Jean-Michel Berts
- Birth Year1959
- NationalityFrench
- Website
Biography
Jean-Michel Berts (born 1959) is a French photographer renowned for his atmospheric black-and-white cityscapes. After beginning his career in the 1980s as a still-life photographer for major luxury and cosmetics brands, he developed a personal body of work centered on the visual and cultural character of cities. Using a Rolleiflex and large-format analog techniques, he photographs iconic urban environments—Paris, New York, Venice, Tokyo, Jerusalem—at dawn or late at night, moments when the absence of crowds allows architecture to become the principal subject.
Berts employs a refined technical approach inspired by the Ansel Adams Zone System, with exposures ranging from several seconds to many minutes. By overexposing his negatives and then under‑developing them, he achieves richly dense shadows, luminous highlights, and dramatic tonal contrast. This method produces photographs with a poetic, ethereal, almost timeless quality, elevating familiar cityscapes into meditative studies of form, space, and light. His images emphasize architecture as a reflection of civilization—an enduring record of cultural identity and urban memory.

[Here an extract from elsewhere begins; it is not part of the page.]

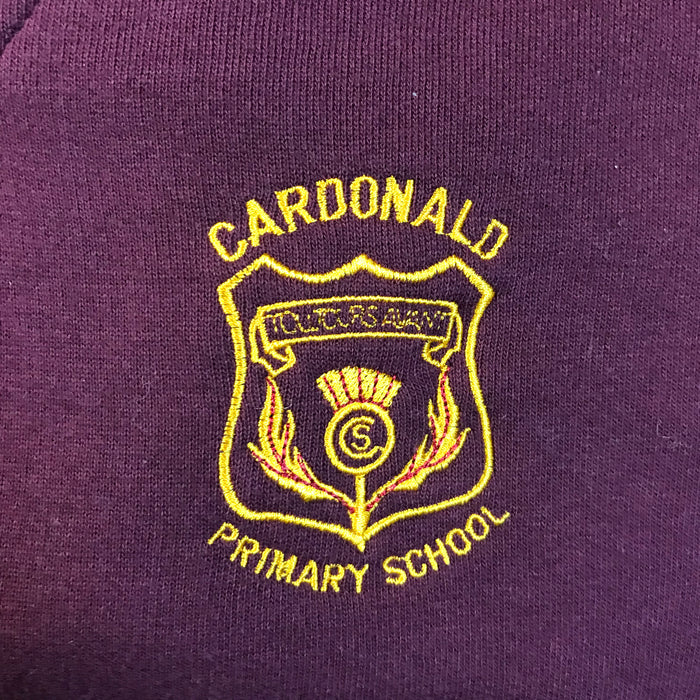 Second-hand Cardonald Primary boys burgundy V-neck school sweatshirt, flat lay view with embroidered school badge.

Over the past two decades, Berts has exhibited internationally in Paris, Berlin, Tokyo, London, New York, and beyond. His prints are highly collected, and his monographs have contributed to his reputation as a leading contemporary practitioner of fine‑art architectural photography. Through a blend of technical precision and emotional restraint, Berts continues to create photographs that reimagine the modern city as both physical structure and dreamlike symbol.